Thursday, June 11, 2009

The Hostess and the Great Outdoors

It’s been a while. Nearly six months in fact. While my baking sheets can attest to the fact it has been a long recovery from Royce, I really have no stinking excuse for my negligence when it comes to chronicling both my misanthropy and my hostessnes.

So, I’m moving on.

Movin’ on in fact, to the next thing: Project Redwoods.

Somewhere between the windowlessness of my office and the fact that our economy is in the pits, I decided that it would be an adventure to go camping this summer. No, no big fancy European trips for us this year. Cannes will just have to live without us and they’ll surely miss us in the Berkshires (wherever the Berkshires are). Charge up the flashlights and get out the hotdog sticks because we are taking on the California Redwoods. For a week. In July.

Now, after nearly 10 years of relations, my husband and I have never been camping together (not unless you count that night we spent in the tent in my parent’s backyard for my cousin’s wedding).

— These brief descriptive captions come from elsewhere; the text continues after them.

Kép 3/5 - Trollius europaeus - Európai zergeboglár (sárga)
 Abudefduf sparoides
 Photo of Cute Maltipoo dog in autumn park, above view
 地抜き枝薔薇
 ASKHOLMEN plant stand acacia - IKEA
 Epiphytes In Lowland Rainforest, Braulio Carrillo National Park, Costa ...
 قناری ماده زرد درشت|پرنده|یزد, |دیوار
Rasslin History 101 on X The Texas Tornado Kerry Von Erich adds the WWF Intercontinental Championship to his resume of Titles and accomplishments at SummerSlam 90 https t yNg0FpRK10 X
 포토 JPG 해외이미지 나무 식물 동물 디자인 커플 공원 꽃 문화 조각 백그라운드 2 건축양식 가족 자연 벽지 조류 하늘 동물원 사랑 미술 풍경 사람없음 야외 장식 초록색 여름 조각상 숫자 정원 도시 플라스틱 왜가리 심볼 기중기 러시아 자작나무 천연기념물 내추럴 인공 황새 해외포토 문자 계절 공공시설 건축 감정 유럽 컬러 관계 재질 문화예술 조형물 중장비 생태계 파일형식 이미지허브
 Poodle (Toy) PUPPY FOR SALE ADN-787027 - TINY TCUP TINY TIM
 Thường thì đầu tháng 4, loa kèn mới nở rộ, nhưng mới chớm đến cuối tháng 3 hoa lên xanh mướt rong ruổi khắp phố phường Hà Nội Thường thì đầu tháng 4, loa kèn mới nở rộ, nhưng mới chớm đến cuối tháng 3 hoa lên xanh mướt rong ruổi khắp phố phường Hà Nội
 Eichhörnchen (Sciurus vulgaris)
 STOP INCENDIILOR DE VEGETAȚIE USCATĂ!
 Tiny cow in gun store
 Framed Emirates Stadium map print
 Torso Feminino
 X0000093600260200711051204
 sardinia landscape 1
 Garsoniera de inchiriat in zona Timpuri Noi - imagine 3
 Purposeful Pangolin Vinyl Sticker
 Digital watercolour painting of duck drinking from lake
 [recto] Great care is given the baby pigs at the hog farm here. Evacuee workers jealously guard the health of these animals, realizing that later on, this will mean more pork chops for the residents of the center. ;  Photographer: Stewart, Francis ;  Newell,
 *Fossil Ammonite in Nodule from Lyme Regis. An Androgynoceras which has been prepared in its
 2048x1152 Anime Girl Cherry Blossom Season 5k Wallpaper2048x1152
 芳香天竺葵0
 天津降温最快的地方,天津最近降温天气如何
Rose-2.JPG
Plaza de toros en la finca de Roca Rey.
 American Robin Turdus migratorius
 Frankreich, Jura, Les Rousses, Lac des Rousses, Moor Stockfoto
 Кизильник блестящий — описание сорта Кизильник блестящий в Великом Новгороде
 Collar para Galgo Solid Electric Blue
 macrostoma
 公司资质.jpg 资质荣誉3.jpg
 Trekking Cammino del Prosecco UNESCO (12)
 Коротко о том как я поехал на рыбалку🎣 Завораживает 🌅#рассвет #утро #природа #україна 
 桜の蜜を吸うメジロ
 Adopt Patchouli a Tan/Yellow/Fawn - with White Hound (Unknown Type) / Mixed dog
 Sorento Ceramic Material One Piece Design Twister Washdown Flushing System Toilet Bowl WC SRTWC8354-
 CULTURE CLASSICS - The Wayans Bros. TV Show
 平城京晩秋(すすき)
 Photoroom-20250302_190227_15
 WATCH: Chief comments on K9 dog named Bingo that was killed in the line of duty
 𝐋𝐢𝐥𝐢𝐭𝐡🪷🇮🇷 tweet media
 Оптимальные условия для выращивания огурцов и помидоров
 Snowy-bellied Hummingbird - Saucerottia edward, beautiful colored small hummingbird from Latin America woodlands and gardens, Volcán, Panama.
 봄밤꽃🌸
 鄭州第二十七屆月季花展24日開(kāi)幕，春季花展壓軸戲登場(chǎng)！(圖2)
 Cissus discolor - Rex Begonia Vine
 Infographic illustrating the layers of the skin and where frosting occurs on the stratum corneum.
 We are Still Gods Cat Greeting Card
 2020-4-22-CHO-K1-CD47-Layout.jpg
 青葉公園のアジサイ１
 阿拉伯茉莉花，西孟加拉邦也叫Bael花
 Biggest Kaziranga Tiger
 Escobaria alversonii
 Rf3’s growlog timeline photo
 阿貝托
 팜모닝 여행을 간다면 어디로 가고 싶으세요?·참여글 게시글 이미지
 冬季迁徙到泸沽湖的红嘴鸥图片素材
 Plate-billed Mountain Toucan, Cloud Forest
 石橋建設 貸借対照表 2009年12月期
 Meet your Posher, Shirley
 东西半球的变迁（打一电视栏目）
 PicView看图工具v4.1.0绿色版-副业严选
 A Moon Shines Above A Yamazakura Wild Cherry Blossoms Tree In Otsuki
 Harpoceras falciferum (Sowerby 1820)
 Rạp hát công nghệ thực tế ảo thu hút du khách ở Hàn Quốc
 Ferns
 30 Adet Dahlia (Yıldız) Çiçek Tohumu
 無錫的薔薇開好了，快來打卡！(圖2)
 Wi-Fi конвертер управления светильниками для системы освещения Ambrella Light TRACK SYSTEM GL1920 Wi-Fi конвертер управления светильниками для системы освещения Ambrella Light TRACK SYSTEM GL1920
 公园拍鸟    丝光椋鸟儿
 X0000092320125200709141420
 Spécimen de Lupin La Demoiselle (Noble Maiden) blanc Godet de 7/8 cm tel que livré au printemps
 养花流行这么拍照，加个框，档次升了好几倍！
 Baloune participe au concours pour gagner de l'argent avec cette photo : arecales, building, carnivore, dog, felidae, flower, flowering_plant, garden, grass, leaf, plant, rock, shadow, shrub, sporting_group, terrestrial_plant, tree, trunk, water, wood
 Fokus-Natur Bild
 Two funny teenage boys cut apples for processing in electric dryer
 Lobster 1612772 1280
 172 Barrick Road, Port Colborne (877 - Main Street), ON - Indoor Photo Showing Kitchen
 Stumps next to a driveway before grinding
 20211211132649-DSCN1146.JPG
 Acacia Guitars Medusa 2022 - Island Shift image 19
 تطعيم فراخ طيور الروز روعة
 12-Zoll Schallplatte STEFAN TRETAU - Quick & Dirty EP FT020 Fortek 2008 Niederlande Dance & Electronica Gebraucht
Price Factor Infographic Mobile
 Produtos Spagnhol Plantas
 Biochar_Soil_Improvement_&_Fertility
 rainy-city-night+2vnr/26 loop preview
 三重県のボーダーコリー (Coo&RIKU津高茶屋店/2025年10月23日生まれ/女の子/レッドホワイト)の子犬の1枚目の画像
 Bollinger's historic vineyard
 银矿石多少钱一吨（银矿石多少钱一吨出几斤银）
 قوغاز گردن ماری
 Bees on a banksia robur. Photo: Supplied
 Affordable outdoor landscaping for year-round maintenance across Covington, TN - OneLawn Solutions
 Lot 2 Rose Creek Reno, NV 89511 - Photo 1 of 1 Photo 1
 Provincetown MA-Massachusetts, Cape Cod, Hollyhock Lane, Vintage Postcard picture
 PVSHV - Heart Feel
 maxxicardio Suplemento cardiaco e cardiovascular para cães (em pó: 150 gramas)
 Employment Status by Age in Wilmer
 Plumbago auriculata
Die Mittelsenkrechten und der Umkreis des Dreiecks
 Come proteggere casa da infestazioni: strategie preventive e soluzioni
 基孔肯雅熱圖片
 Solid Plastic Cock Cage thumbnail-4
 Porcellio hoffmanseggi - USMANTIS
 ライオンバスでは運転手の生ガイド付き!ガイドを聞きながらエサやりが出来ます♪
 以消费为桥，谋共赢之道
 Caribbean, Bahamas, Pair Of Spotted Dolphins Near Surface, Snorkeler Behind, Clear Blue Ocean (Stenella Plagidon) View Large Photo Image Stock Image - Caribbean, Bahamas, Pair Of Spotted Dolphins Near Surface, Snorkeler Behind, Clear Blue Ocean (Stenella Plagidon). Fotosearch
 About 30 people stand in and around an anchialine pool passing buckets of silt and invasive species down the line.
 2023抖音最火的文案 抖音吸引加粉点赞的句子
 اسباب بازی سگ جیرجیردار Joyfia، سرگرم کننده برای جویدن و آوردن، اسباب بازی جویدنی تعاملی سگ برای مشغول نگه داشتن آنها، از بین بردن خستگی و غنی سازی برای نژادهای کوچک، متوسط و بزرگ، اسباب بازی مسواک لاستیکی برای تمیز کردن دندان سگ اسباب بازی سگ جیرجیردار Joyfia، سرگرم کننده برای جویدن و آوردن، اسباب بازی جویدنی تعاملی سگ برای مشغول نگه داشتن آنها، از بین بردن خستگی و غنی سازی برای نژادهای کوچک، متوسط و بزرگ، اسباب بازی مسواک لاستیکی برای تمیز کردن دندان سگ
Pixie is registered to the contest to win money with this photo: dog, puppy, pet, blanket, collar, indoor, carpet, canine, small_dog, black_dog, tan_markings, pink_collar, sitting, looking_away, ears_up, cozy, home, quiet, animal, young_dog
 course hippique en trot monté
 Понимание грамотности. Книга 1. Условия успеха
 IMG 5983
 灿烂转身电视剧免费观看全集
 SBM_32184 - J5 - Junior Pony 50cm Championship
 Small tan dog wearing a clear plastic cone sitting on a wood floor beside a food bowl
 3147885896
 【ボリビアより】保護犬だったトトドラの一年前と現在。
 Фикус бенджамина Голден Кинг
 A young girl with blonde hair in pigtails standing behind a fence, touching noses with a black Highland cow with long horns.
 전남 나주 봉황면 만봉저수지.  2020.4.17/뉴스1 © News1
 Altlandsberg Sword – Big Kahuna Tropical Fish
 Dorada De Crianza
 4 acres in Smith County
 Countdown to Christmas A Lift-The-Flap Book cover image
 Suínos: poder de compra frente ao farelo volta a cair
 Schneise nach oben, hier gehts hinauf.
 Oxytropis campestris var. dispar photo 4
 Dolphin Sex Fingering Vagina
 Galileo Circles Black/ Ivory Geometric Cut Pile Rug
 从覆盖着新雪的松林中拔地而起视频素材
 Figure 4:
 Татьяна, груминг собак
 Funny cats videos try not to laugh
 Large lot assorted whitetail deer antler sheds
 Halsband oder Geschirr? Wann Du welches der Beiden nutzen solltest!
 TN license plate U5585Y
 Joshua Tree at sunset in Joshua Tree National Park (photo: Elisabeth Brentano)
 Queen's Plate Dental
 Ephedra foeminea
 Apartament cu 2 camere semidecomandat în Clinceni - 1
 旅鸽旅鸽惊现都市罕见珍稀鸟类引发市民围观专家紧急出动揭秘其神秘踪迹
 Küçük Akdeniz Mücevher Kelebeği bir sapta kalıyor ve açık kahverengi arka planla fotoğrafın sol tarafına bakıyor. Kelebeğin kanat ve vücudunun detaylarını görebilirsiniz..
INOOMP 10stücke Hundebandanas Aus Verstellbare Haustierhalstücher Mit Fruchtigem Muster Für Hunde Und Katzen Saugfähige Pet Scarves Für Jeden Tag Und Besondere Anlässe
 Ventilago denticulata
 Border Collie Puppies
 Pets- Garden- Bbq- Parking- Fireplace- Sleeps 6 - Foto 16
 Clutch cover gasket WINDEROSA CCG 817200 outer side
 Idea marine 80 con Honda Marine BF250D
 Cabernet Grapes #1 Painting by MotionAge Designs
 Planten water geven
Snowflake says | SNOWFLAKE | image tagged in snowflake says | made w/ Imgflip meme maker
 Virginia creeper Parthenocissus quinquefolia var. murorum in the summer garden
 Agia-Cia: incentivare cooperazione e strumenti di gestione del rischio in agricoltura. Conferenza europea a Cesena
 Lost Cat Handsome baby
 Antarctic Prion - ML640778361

The following is a list of our existing camping supplies:

1. Tent

2. Sleeping bag (1)

3. Lantern

To some, the fact that we have little shared experience and barely a humble structure to keep our heads dry would be a deterrent. Not me, in fact, this type of plan-it-out, multi-phase project is exactly what the Misanthropic Hostess has needed.

Of course there is an Excel workbook with checklists and timelines and relational budgets.

Of course I have a notebook with product reviews, recipes, maps and activity ideas.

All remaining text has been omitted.